Сначала ответом было молчание.
— Лучше уж пригляди за ними сам, — наконец пробормотала Уна.
— Ладно, — ответил Марк и немного погодя сунул деньги в один из своих башмаков, стоявших рядом; таким образом, банкноты оказались как бы на нейтральной территории, и ему не пришлось спать, прижав их к телу. Сделав это и уткнувшись лицом в пахнувшую свежестью парусину, Марк уснул быстрее, чем засыпал на протяжении нескольких последних недель.
Уна лежала и сквозь черную игольчатую хвою глядела на усыпанное колючими звездами незнакомое небо. Кабатчик уже, должно быть, закрыл на ночь свое заведение, а потом, убедившись, что жена крепко спит… но Уна не решилась додумать свою мысль и начала растягивать клочок белизны, чтобы отгородиться от нее, теперь это было ей по силам.
Но уснуть она так и не смогла — слишком тревожило сознание, что по другую сторону погасшего костра лежит Марк. Она не знала, как теперь к нему относиться. Впрочем, нет, знала, знала, что ей следует испытывать благодарность; она испытывала ее, и даже куда более. Она была потрясена тем, что он сделал, она считала, что он никогда на такое не способен. Но он действовал не только как какой-то отвлеченный отважный знатный юноша, он действовал, как то было свойственно его природе. «Да, она приличная девушка». Как могла она не отшатнуться от человека, который инстинктивно знал, каким тоном произносить подобное, как по-хозяйски оглядывать всех и вся, принимать и отвергать? Марк был римлянином до мозга костей. И он сделал это для нее. И боялся сойти с ума. Она знала о нем так много разных глупых мелочей.

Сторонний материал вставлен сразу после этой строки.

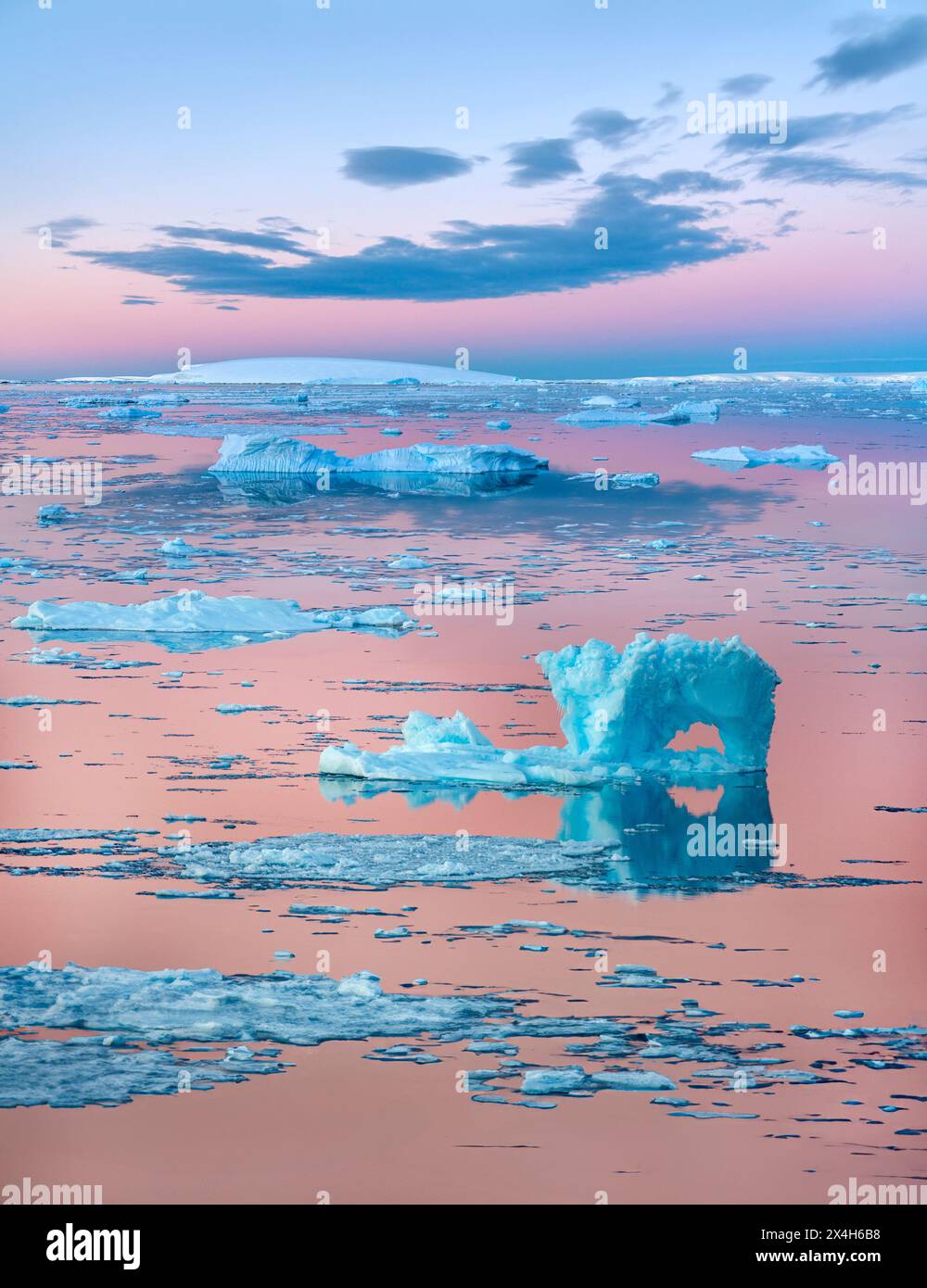 Le soleil de minuit sur les icebergs dans la mer de Weddell, près de la péninsule Antarctique dans l'Antarctique. Banque D'Images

Она завела разговор о рабстве, превозмогая боль, словно собирая причитающуюся ей дань, словно приближаясь к черте, за которой находилось то, о чем она не могла сказать прямо. Она могла бы и поточнее выведать, что намеревается делать Марк. Теперь же она почти въяве видела, что причина ее нежелания именно в этом, что именно поэтому ей не следует чувствовать то, что она чувствует. Поэтому она могла думать о нем без оговорок. И в смятении она подумала, что хочет, чтобы он ушел прямо сейчас, хочет, чтобы они никогда не встречались.
И это было неправильно, равно как и не было правдой. Она чувствовала, что переживания ее нелепы, чувствовала себя какой-то предательницей.